Saturdays were also when my dad would visit. My parents divorced when I was two years old, and every Saturday my dad would make the long, mind-numbing drive from San Rafael to Campbell. Or to Sunnyvale. Or to San Jose. So manydifferent places, I can’t remember them all. We moved a lot. Fortunately, my dad was a cartographer and not only found me but seemed to know each of these towns like he’d lived there forever.
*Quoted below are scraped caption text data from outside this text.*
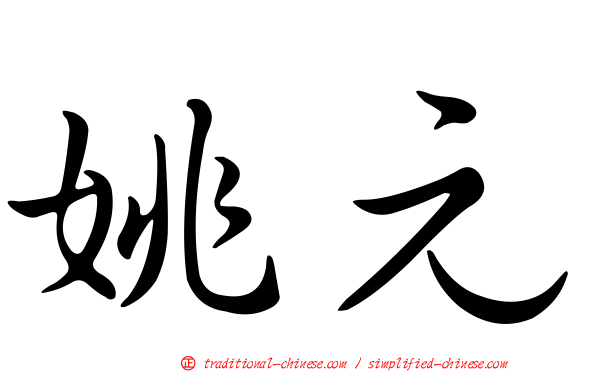 姚元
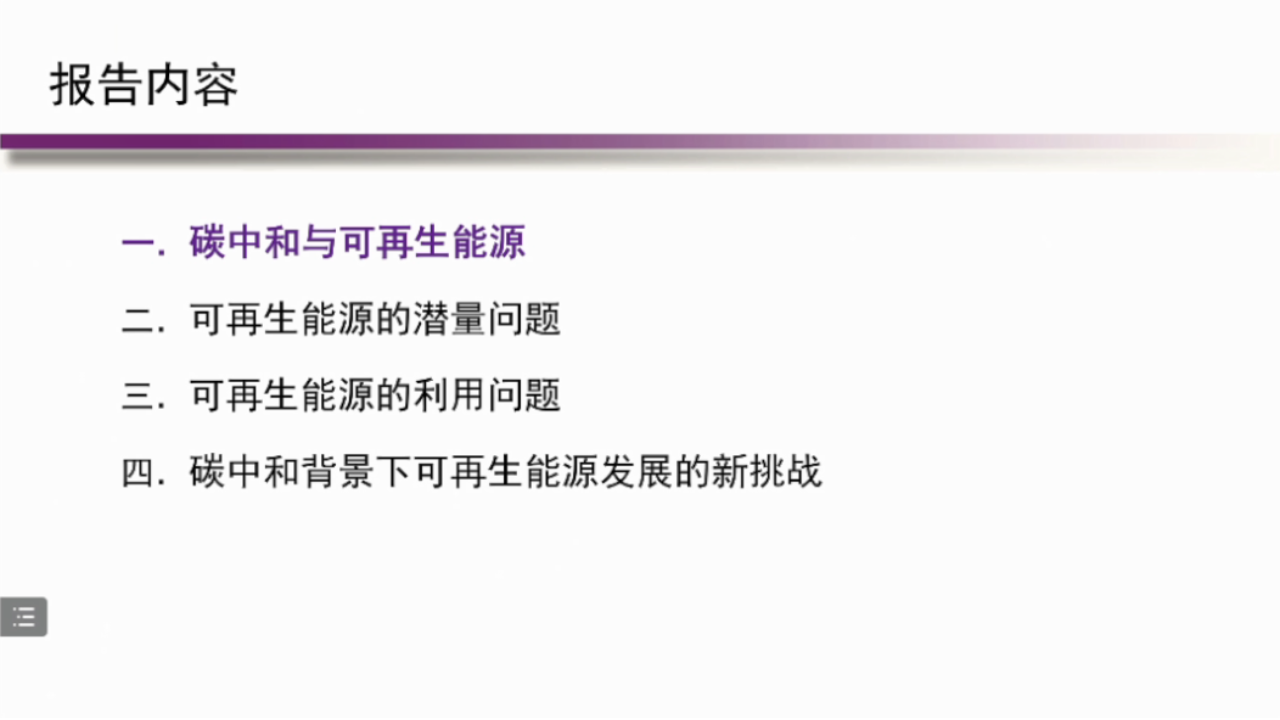 碳中和背景下可再生能源发展的机遇与挑战.pptx 第2页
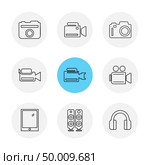 Camera ,  recorder , capture , click , photography , photograph , image , tv , video , microphone , speaker , icon, vector, design,  flat,  collection, style, creative,  icons. Стоковая иллюстрация, агентство Ingram Publishing / Фотобанк Лори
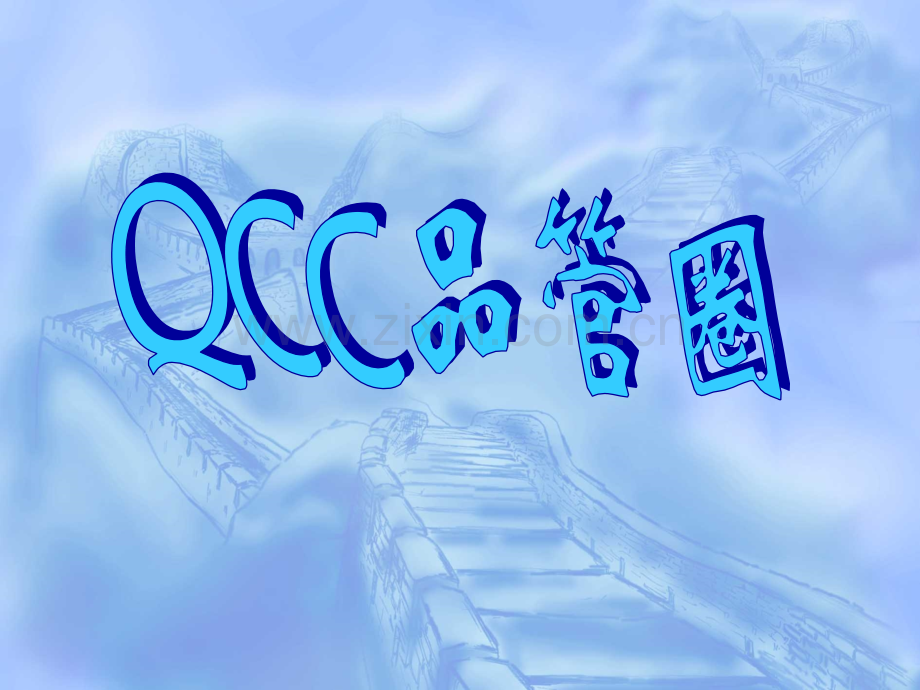 QCC品管圈满意圈.ppt_第1页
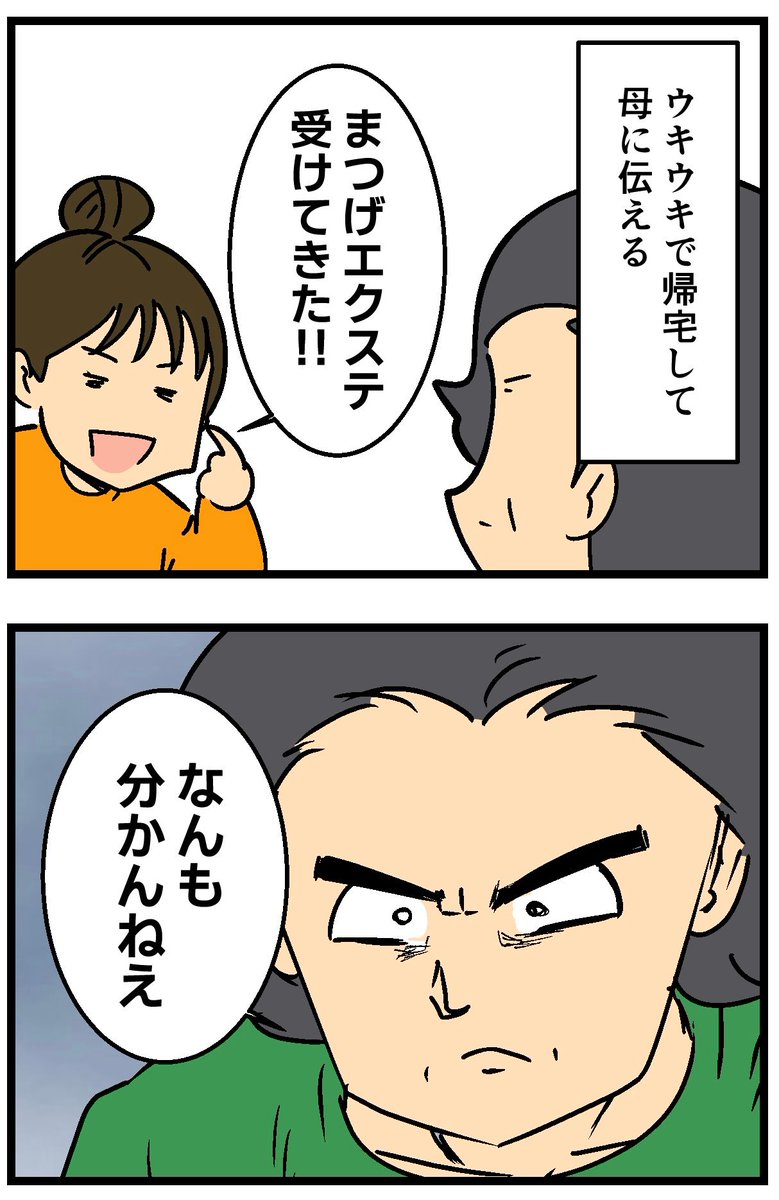 初めてマツエクつけてみた!!!(2/2) 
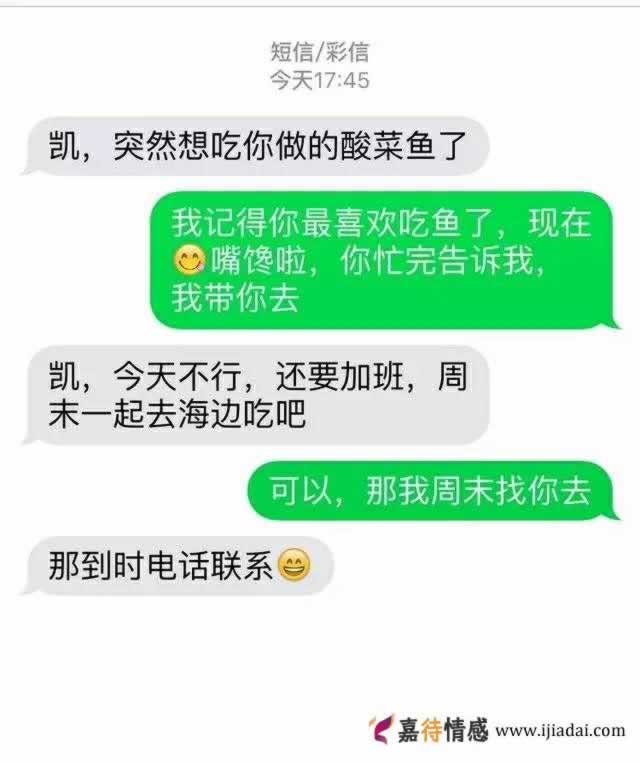 情感破裂之后的完美复合历程，挽回前女友重新追求_嘉待情感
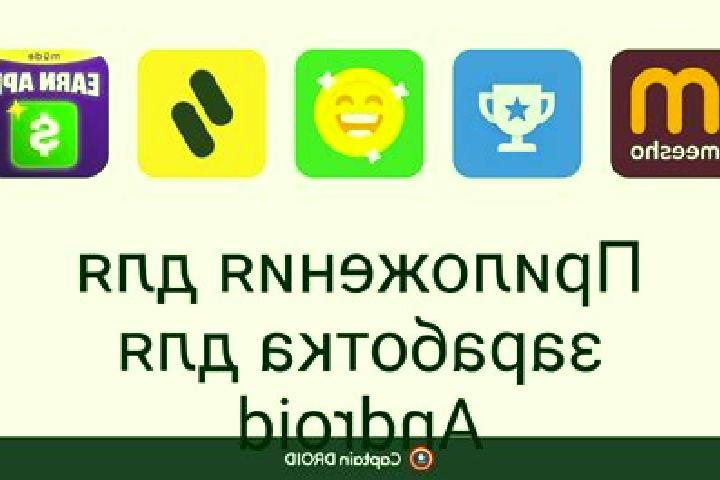 Martin Casino на Android: Скачать APK мобильного приложения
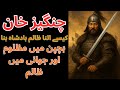 Genghis Khan: How the Mongol Warrior United the World’s Largest Empire| Documentary with SW
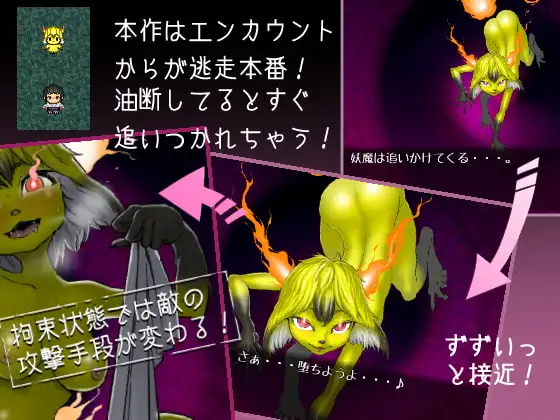 图片[3]-[RPG/PC/中文] 三枚神符 三枚のおふだ Ver1.2-游戏-5元站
These Saturdays with my dad were filled with invention and creativity. He took me places that filled my imagination with far-off worlds, epic battles, mythology and make-believe. I remember exploring tombs at the Rosicrucian Egyptian Museum in San Jose, roaming the halls and winding stairwells at the Legion of Honor in San Francisco, and navigating the grounds at the zoos in San Francisco, Oakland and San Jose. There were also miles of amusement parks: Marine World Africa USA, Frontier Village, Happy Hollow, Santa’s Village, Fairy Land and Great America. Not to mention the countless fairs and circuses that came to town.
Visiting these places was like walking into a cartoon universe: the twisted, stretched and dynamic architecture, the saturated colors and blinking lights, the overheating teenagers lumbering around like jumbo-sized stuffed animals. All of it in stark contrast to the overwhelming beige sprawl developing throughout the Bay Area.
If there are two sides to this coin, music is the other—starting with the cartoon orchestrations of Carl Stalling followed by the avant-garde, surreal, mystical and breakneck changes in the arrangements by saxophonist and composer John Zorn. I often speak of music and art composition interchangeably. The way certain instruments come forward and then recede is very similar to the way color and form hold space and balance a design. In turn, art inspires me as a musician. I will frequently move from the drawing table to the drums, and occasionally the piano, while I stumble, reflect and get lost in composition.
My early work is very cartoonish, yet it has evolved over the years into more of a language of fluid lines and bulbous, truncated forms (quite literally in my most current work). I study the spaces in between movements; not empty space but the way one action stretches, twists and turns into the next. Inside these spaces are the bits and pieces, the leftovers, the nobs and toobs, all inspiration for my recent work.